In the 1840s, arranged marriages were a common practice among missionaries.

While in Egypt, Dr Krapf met Rosine Dietrich, who was also devoted to missionary work, and married her in 1842.

They got a child, but unfortunately she died the next day. Dr Krapf and his wife arrived in Mombasa in 1844, via Zanzibar.

The same year, Mrs Krapf gave birth to their second daughter, who died a few days later. She also died that same year.

It is said that she and her children died of malaria.
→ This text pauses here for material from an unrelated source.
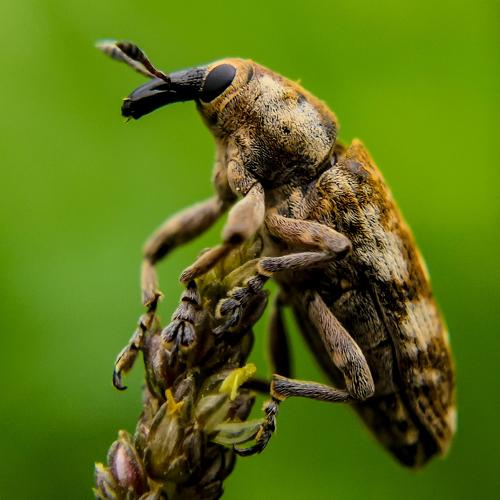 Weevil beetle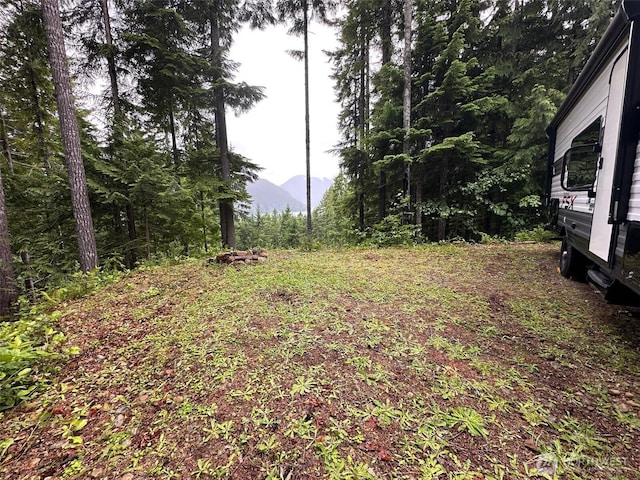 5156 N Lake Cushman Rd, Hoodsport, WA 98548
Inscribed on one of the stones on the memorial pillar is: “To the Glory of God and in the memory of Dr and Mrs John Ludwig Krapf.”

Dr Krapf is said to have translated the dictionary and the Book of Genesis into Kiswahili.

He was also the first missionary to introduce Christianity in Kenya, building a church in Rabai.

Dr Krapf died in 1881 in Germany aged 71. “Like Dr Livingstone, he died on his knees at prayer on November 26, 1881,” a statement on the pillar reads.

The graves of Dr Krapf’s first wife, Rosine, and their second daughter are located at the Krapf Monument.

The memorial’s magnificence — with beautiful landscaped gardens surrounding it — is a welcome addition to the Coast’s iconic sites such as Fort Jesus and the Vasco da Gama Pillar in Malindi.

The indigenous trees that provide much-needed shade at the site are complemented by a variety of flowers.

A large cactus tree has been turned into a “visitors book” where sightseers write their names and the year they visited.